Could Wagner soon replace Lewy . . . no, of course not! But Wagner is doing a fantastic job within the limited playing time he has received. Since coming back to Bayern he has integrated seamlessly into the team. It’s exactly what was expected of him before his move.
Personal goal: the World Cup
On a similar note: playing no. 2 (literally) to Lewandowski can’t harm Wagner’s chances of making Germany’s 2018 World Cup squad. He has in fact made himself the favorite as a classic no. 9 striker in a heated competition with Mario Gomez, as set out by our own Tom Adams.
Gomez is scoring almost half as often as Wagner—only every 170.25 minutes—since his switch in the winter break, even though he is Stuttgart’s uncontested first-choice striker.

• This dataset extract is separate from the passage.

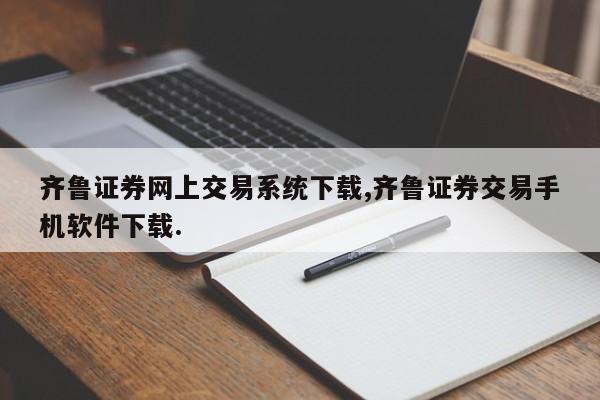 齐鲁证券网上交易系统下载,齐鲁证券交易手机软件下载.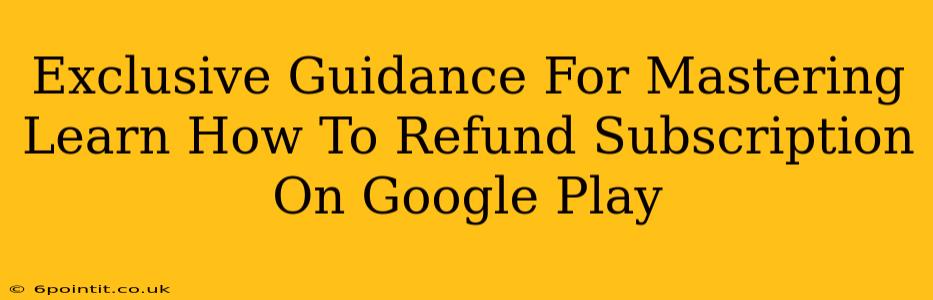 Exclusive Guidance For Mastering Learn How To Refund Subscription On Google Play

Wagner thus may have made the better move even though he is “only” striker no. 2 at Bayern.
While it must be said that Gomez has nowhere near the quality of support from the players around him that Wagner does, it might also be a good move for national coach Jogi Löw to take along another Bayern player with the team to Russia. Wagner is someone who is now used to playing with the likes of Thomas Müller, Joshua Kimmich, Mats Hummels and Jerome Boateng—players who will undoubtedly be in the Germany squad—on a daily basis.
Performance at Bayern
Uli Hoeness and Karl-Heinz Rummenigge did not buy Wagner for him to challenge for a starting spot. They bought him as someone who can come in when Lewandowski needs a break and, importantly, as someone who has the mentality of a Bayern player and won’t miss a beat.
While Lewy is a far more mobile striker, moving out to the wings and sometimes dropping deep to set up others, Wagner brings his own qualities to the field. In games, he provides Bayern with a big, strong presence in the center. His domain is the box, and he does not stray far from it.
Bought primarily to score goals, Wagner has delivered. In the Bundesliga, where Bayern have used Wagner up to now by Bayern, his shot-to-goal ratio is 12:3, meaning that he scored once every 4 shots, a rate of 25%. Lewandowski’s shot-to-goal ration, in turn, is 99:20, meaning that he scored once every 4.95 shots. That’s almost a 20% difference, but it must be remembered Lewy has achieved his stats over a much longer time frame.
Editorial note: if you happen to be a fan of xG (expected goals), it may interest you that according to the algorithms developed by Understat.com, Wagner has an impressive 1.03 xG90 (expected goals per 90 minutes) in his 280 minutes of playing time with Bayern, virtually on part with Lewandowski’s 1.01 xG90 in 1759 minutes. While Wagner will probably regress somewhat and falls short of Lewandowski in other categories, by this metric he has virtually replaced Lewy’s production 1:1 in the games he has played. Both of their real goals correspond almost exactly to their overall xG (3 for Wagner, 20 for Lewandowski). For Wagner, it has been a dream start in his new role.
The bottom line
While it is perhaps too early to talk about the overall impact of Wagner’s signing for the club, in the short term he has proven that he can fulfill the job he was signed for. He is fitting in with the squad and doing the most important thing for a striker: scoring goals.
That allows Lewy to have a breather in these busy weeks. It will be more interesting to see how Wagner performs at the beginning of next season, when he may have less time on the pitch or at least longer breaks between starting games.